How to strip down a string to the first duplicate?

I have converted a few web pages into string and the string contains these lines(along with other code):

<div class="r"><a href="https://www.apple.com/ca/"
<div class="r"><a href="https://www.facebook.com/ca/"
<div class="r"><a href="https://www.utorrent.com/ca/"

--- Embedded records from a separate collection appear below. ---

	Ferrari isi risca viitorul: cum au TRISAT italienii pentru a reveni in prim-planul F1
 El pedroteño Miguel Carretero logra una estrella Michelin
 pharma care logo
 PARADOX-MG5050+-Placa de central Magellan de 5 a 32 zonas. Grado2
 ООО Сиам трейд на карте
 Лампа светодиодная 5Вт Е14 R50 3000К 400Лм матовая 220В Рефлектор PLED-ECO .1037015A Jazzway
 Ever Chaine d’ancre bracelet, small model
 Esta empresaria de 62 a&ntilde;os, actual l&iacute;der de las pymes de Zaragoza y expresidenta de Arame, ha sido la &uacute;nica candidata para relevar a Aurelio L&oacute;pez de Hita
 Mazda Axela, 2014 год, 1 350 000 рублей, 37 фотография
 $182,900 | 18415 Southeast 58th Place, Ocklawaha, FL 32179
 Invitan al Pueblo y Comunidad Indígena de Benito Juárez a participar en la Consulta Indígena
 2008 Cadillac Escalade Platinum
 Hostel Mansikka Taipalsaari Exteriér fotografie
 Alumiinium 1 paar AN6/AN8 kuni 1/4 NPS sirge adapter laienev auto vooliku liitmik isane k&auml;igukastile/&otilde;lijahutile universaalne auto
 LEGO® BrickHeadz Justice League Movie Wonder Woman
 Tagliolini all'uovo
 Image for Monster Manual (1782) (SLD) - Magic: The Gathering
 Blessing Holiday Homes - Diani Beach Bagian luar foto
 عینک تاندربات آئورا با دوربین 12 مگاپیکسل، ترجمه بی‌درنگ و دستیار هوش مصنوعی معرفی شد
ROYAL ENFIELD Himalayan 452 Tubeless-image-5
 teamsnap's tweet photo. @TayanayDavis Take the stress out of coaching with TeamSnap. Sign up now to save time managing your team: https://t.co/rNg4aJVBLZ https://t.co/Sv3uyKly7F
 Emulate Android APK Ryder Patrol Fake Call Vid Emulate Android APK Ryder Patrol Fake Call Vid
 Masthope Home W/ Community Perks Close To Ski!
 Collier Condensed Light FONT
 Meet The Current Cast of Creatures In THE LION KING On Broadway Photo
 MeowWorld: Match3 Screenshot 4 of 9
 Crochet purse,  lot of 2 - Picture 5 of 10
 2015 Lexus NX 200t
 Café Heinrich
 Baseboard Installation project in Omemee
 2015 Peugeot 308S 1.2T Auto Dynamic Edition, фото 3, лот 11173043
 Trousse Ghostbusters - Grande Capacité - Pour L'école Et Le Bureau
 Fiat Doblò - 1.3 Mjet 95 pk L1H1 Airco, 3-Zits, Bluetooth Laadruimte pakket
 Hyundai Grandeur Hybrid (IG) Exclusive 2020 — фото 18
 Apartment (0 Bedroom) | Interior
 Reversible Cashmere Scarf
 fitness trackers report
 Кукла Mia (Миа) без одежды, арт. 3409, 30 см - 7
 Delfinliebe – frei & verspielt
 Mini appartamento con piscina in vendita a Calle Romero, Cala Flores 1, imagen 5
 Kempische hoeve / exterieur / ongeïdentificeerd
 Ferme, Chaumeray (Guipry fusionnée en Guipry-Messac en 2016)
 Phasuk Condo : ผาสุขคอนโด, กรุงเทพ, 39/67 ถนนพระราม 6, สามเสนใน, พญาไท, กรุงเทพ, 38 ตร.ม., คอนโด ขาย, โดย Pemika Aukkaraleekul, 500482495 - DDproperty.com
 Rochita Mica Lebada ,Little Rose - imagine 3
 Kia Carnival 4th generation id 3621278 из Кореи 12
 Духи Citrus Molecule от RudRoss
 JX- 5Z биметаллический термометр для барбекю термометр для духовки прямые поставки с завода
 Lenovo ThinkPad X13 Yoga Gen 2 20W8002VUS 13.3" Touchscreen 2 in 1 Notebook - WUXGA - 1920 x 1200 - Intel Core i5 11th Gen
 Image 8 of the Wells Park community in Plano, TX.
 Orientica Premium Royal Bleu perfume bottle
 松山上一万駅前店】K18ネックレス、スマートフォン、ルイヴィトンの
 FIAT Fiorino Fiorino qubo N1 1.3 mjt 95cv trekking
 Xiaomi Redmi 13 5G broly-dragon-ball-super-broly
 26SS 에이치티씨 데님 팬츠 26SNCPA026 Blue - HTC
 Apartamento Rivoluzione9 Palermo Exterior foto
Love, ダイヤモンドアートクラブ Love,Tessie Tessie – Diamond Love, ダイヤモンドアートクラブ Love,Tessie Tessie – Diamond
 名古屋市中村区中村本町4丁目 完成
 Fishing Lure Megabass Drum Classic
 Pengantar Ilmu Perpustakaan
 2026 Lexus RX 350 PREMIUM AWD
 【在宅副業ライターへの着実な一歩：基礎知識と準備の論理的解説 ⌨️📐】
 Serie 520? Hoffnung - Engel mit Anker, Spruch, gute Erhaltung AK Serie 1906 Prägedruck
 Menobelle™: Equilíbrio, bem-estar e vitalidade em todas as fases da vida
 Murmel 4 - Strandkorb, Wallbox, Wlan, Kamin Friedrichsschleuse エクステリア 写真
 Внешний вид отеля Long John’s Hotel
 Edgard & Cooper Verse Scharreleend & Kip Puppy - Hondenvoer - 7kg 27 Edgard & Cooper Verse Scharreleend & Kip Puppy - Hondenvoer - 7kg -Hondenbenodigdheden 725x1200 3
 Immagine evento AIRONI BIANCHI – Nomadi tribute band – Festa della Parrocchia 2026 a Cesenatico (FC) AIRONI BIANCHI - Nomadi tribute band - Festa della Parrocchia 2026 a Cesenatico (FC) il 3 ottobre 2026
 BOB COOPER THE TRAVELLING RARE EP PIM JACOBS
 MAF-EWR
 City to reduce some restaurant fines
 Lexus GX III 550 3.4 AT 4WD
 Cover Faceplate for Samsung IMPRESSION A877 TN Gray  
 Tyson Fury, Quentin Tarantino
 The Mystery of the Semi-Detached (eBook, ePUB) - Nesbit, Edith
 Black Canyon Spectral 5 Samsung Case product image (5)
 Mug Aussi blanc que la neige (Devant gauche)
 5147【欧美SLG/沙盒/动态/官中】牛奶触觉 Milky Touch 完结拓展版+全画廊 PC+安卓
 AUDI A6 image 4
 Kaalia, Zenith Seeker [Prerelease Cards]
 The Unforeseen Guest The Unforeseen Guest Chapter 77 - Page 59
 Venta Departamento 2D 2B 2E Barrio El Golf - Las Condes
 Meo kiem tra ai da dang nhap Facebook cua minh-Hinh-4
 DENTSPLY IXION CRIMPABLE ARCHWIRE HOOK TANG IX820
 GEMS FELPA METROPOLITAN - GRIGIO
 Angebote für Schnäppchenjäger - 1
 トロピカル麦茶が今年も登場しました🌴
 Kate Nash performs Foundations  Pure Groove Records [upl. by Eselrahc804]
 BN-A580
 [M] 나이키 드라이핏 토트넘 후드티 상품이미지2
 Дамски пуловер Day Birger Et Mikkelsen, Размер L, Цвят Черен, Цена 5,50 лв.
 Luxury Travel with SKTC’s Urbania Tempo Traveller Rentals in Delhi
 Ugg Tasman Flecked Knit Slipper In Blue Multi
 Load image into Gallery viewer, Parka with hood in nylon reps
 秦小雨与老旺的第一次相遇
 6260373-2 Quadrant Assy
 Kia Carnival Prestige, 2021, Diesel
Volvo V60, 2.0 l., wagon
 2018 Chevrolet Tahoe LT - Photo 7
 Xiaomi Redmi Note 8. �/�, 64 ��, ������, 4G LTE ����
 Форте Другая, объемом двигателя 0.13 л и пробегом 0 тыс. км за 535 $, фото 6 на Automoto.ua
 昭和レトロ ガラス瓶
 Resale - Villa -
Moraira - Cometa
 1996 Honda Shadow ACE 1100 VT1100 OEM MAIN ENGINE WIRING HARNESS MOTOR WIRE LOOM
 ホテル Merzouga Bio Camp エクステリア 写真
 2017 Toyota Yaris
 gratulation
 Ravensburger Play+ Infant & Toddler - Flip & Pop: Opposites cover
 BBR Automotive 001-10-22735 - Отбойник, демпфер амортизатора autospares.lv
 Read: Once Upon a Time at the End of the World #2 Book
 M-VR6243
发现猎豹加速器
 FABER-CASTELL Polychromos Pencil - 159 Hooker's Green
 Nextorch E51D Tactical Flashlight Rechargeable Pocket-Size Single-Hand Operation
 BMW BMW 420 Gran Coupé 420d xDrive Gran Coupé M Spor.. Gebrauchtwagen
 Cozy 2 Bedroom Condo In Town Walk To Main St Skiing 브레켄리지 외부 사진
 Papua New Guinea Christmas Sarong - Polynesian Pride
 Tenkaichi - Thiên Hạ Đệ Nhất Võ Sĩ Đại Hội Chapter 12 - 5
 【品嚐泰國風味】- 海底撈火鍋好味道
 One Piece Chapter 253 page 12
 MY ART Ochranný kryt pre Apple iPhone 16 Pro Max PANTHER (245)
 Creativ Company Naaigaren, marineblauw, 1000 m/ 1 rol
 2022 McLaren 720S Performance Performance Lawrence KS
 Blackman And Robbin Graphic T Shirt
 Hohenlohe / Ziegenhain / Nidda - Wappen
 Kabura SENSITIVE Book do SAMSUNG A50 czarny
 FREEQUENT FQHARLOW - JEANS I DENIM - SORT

but I just want to strip out the link inside the first line(https://www.apple.com/ca/) and ignore the rest of the HTML and the code. How do I do that?

The easy way:

String url = input.replaceAll("(?s).*?href=\"(.*?)\".*", "$1");

Key points of why this works:

• regex matches the whole input, but captures the target. The replacement is the capture (group #1). This approach effectively extracts the target
• (?s) means “dot matches newline”
• .*? is reluctantly (as little input as possible) matches up to “href"”
• (.*?) capture (reluctantly) everything up to “"”
• .* greedily (as much as possible) matches the rest (thanks to (?s) above)
• replacement is $1 - the first (and only) group in the match

Using the regex mentioned in the answer, given below is the solution using the Java regex API:

import java.util.regex.Matcher;
import java.util.regex.Pattern;

public class Main {
	public static void main(String[] args) {
		String str = "<div class=\"r\"><a href=\"https://www.apple.com/ca/\">Hello</a>\n"
				+ "<div class=\"r\"><a href=\"https://www.facebook.com/ca/\">Hello</a>\n"
				+ "<div class=\"r\"><a href=\"https://www.utorrent.com/ca/\">Hello</a>";
		String regex = "\\b(https?|ftp|file)://[-a-zA-Z0-9+&@#/%?=~_|!:,.;]*[-a-zA-Z0-9+&@#/%=~_|]";
		Pattern pattern = Pattern.compile(regex);
		Matcher matcher = pattern.matcher(str);
		while (matcher.find()) {
			System.out.println(matcher.group());
		}
	}
}

Output:

https://www.apple.com/ca/
https://www.facebook.com/ca/
https://www.utorrent.com/ca/